■ **WORK ORDER**:
Using the data below, transcribe exactly everything from the line that contains "Invitation Fête d'échange" down to the line that contains "Multi Color Digital". Include both of those lines and none of the pictures.

■ **STORED DATA**:

# # # #

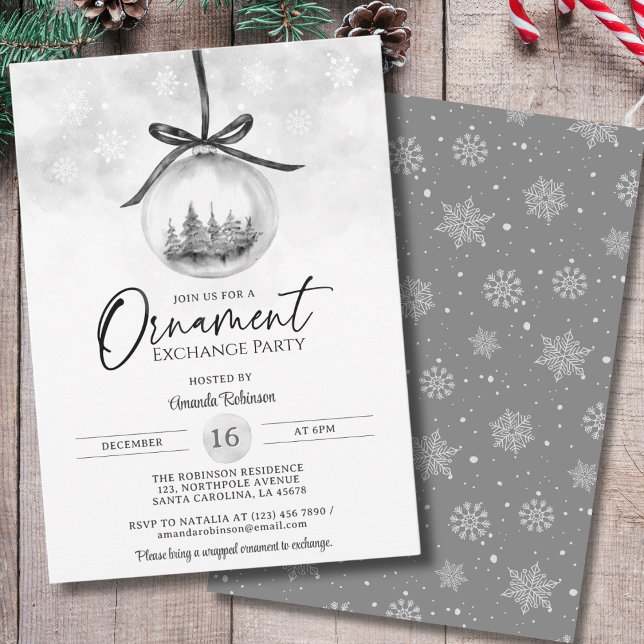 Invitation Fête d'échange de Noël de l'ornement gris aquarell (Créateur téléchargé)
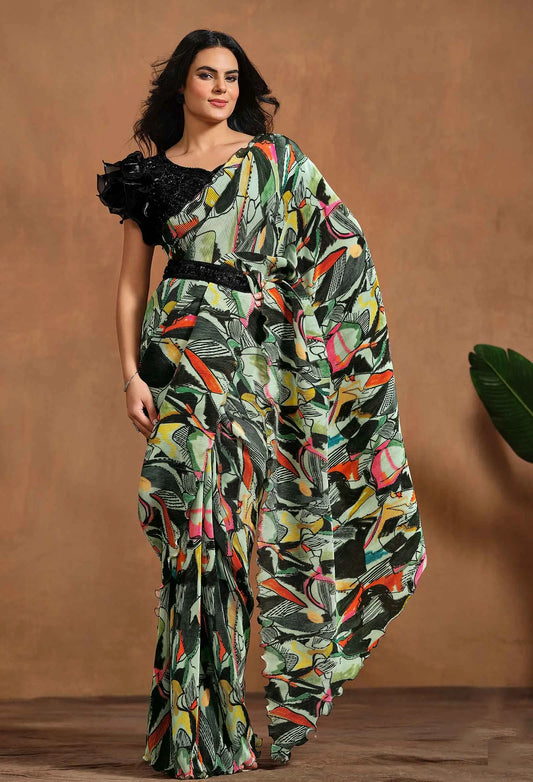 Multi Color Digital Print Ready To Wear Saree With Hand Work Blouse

# # # #

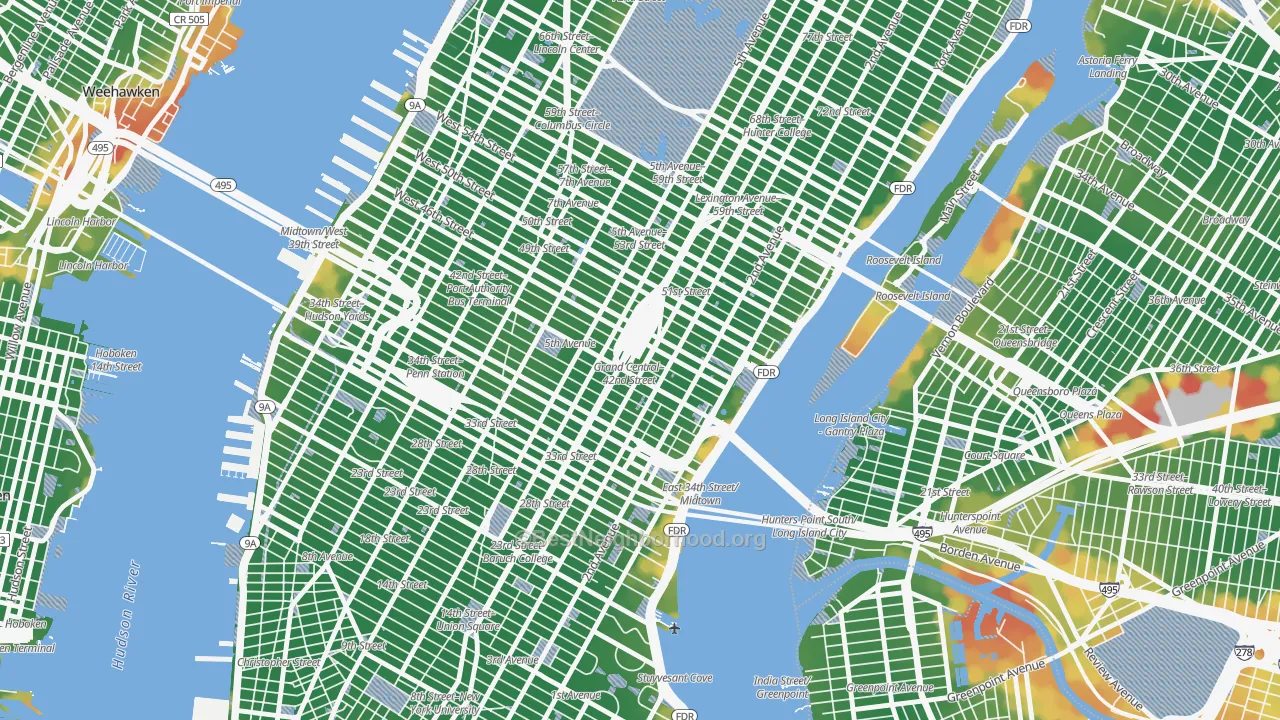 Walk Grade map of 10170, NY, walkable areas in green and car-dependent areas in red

# # # #

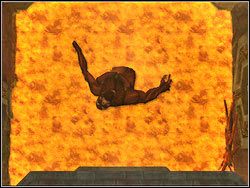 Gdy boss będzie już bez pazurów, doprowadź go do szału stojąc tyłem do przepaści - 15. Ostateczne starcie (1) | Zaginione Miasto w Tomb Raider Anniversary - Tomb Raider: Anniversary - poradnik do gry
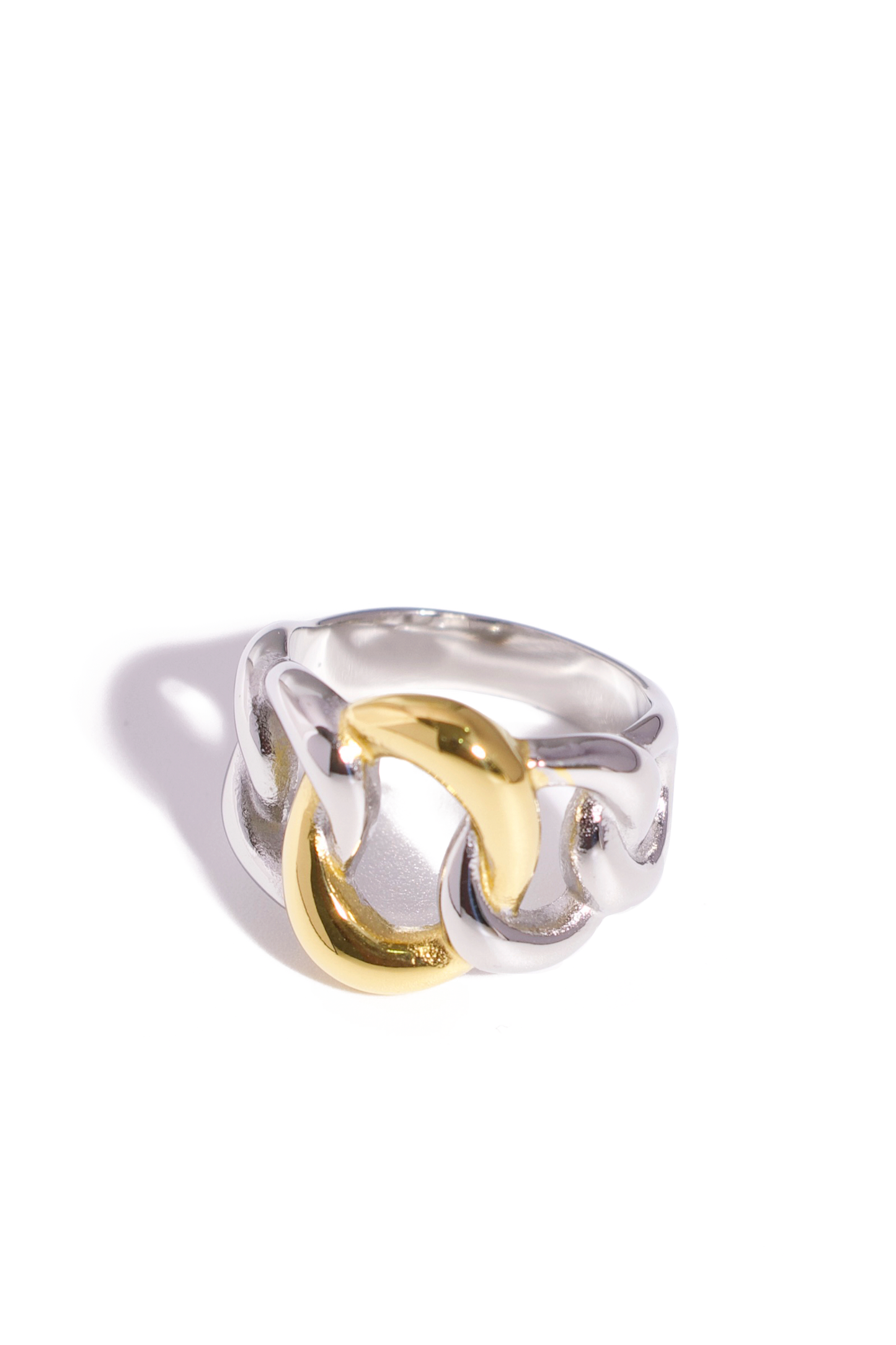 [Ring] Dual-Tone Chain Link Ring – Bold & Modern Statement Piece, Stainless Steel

# # # #

■ **RESPONSE TO THE TASK**:
 Invitation Fête d'échange de Noël de l'ornement gris aquarell (Créateur téléchargé)
 Multi Color Digital Print Ready To Wear Saree With Hand Work Blouse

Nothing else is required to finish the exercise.